Which codes to use when and for which types of art

4911 91 – Other printed matter, including printed pictures and photographs

This section includes giclée prints and photographs.

9701-10Paintings, drawings and pastels

9701 90 – Collages

9702 00 – Original engravings, prints and lithographs

For the purposes of heading 9702, the expression ‘original engravings, prints and lithographs’ means impressions produced directly, in black and white or in colour, of one or of several plates wholly executed by hand by the artist, irrespective of the process or of the material employed by him, but not including any mechanical or photomechanical process.

9703 00 – Original sculptures and statuary, in any material

NOTE – Frames around paintings, drawings, pastels, collages or similar decorative plaques, engravings, prints or lithographs are to be classified with those articles, provided they are of a kind and of a value normal to those articles. Frames which are not of a kind or of a value normal to the articles referred to in this note are to be classified separately.


5. Customs Charges

Wherever you ship to in the world there are going to be some customs charges. These can be charges for duty, taxes or customs clearance.
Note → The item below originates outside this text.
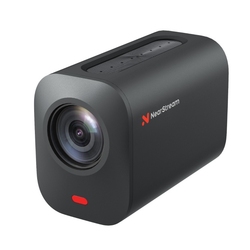 NearStream VM33 - Универсальная потоковая видеокамера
It is advisable before shipping an artwork that the customer is aware that charges may be applied and they will be responsible for the payment.

Adding a note similar to the one below to the bottom of a product listing on your webpage is prudent.

Shipping charges cover packing, tracking and insurance. For orders outside the UK all duty fees or addition taxes are the responsibility of the buyer.

Although duty may be zero in some countries taxes may be charged in a range from 5% to 25% and if you have not shipped through a courier your customer may also be charged extra for customs clearance.



Disclaimer – this guide is intended to help artists with exporting artwork from the UK. As far as we are aware all information is correct when published.

We will not be held liable for any information you choose to use.